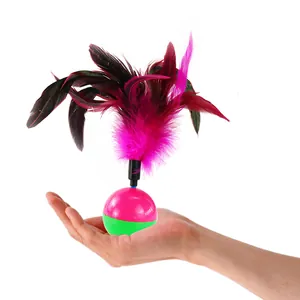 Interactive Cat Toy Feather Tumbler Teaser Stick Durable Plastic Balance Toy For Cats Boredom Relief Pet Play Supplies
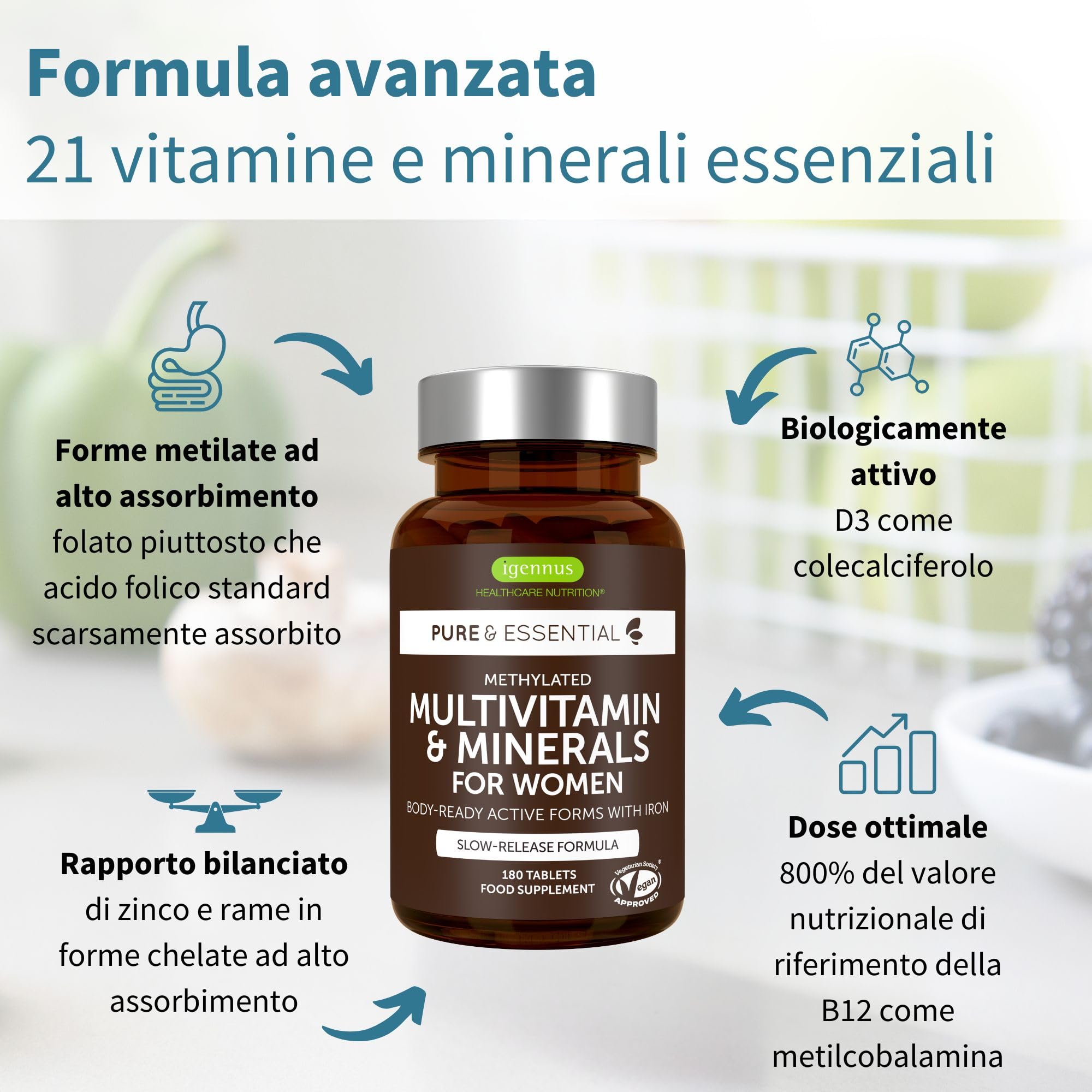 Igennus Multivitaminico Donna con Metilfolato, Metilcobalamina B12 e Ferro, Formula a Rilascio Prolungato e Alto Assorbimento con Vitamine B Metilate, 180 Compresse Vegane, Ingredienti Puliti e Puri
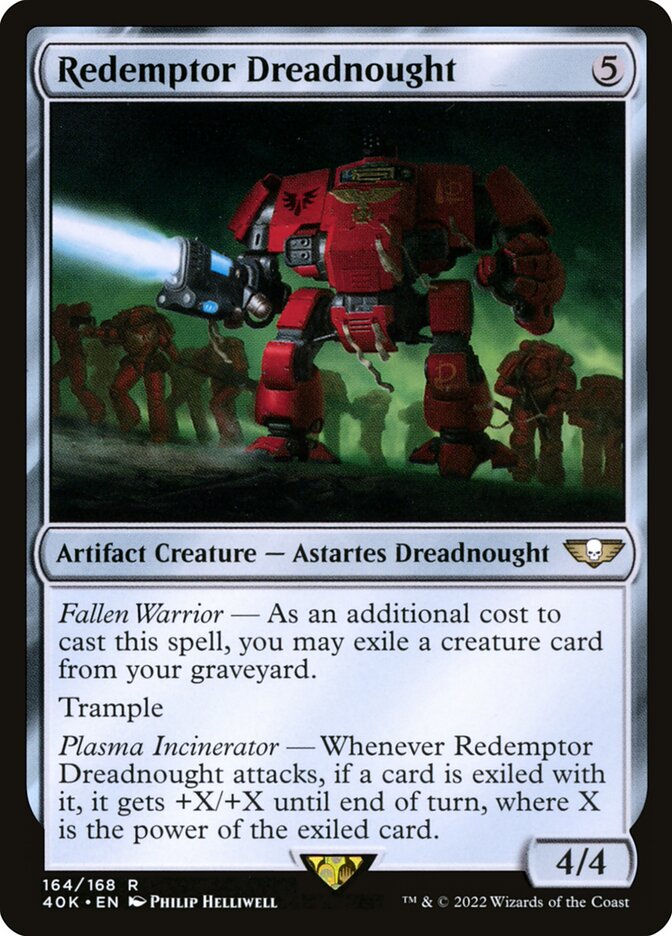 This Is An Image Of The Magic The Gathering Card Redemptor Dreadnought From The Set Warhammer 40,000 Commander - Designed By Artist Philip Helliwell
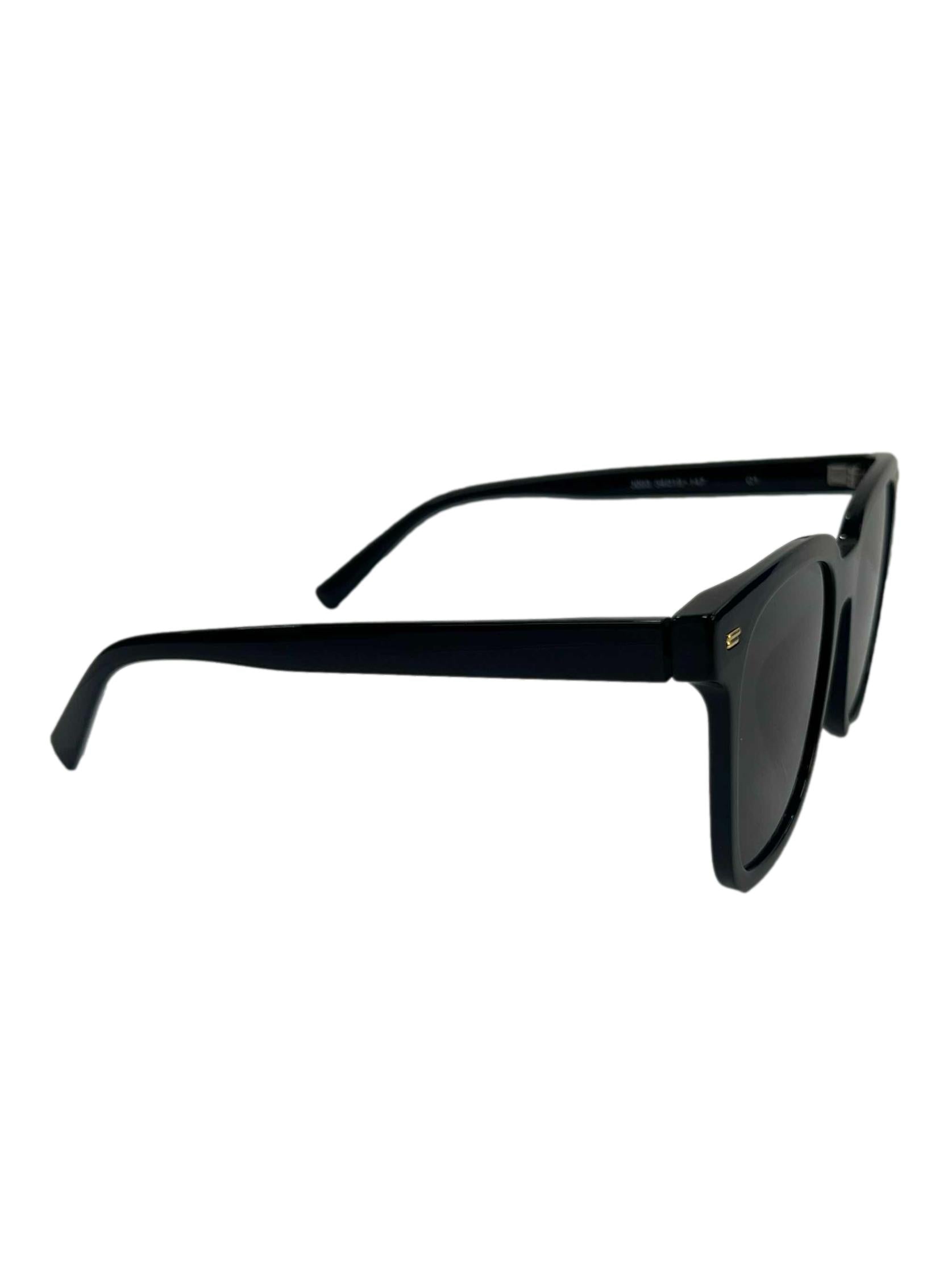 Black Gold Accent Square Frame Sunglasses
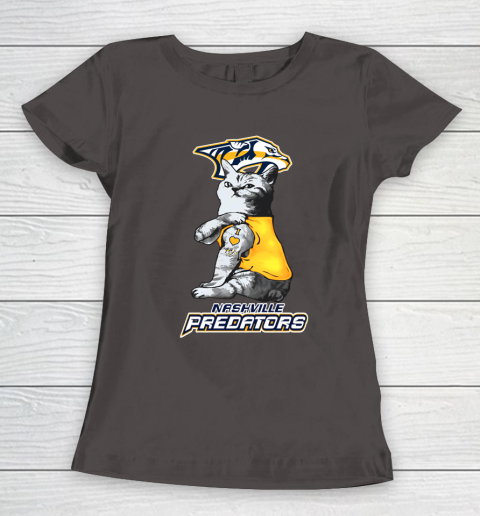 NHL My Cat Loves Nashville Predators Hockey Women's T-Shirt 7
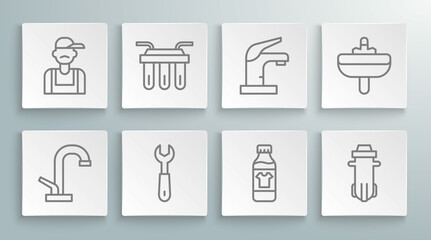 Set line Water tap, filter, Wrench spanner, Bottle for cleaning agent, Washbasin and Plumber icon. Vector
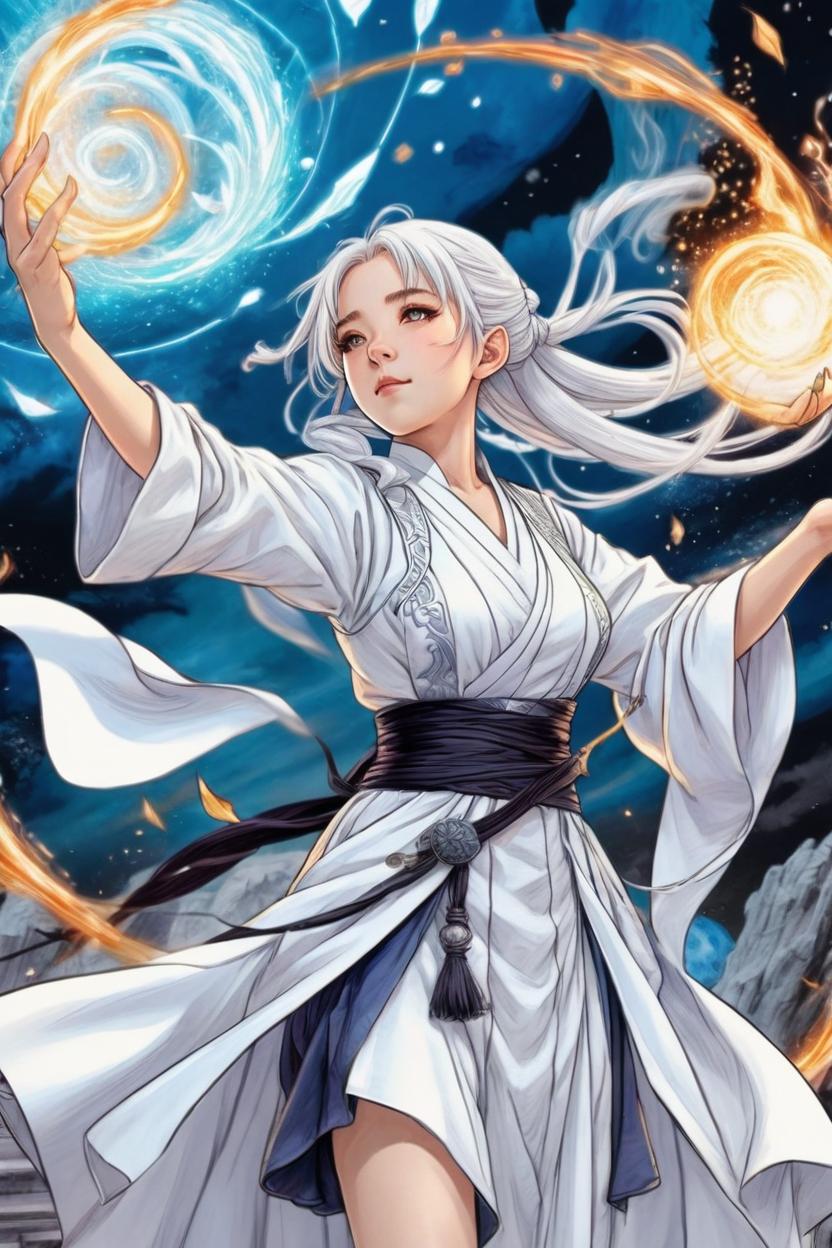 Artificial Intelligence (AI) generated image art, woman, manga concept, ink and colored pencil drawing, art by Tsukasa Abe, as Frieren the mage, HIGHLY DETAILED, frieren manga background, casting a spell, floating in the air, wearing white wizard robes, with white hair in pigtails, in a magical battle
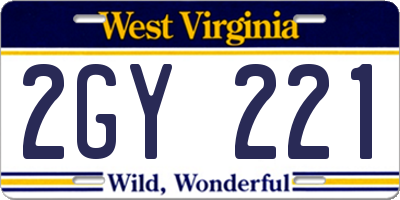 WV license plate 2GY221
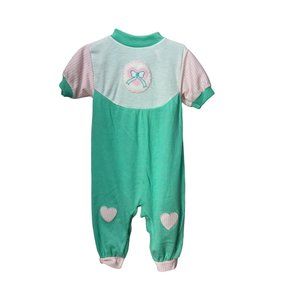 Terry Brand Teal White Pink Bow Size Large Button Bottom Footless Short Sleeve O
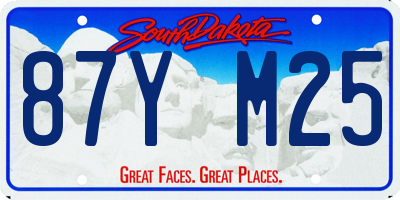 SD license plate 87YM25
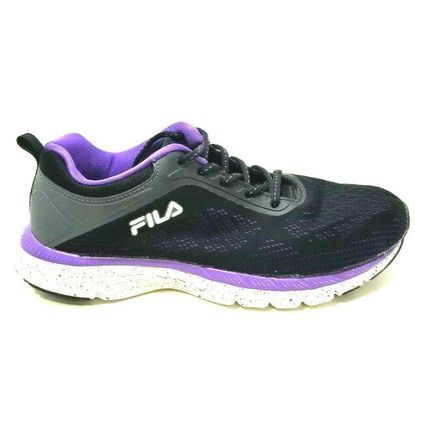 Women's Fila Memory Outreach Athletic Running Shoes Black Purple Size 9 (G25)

..........

TASK OBJECTIVE:
Copy exactly, with no pictures, the lines from the line containing "SD license plate 87YM25" through the last line of the records above.

EXERCISE SOLUTION:
 SD license plate 87YM25
 Women's Fila Memory Outreach Athletic Running Shoes Black Purple Size 9 (G25)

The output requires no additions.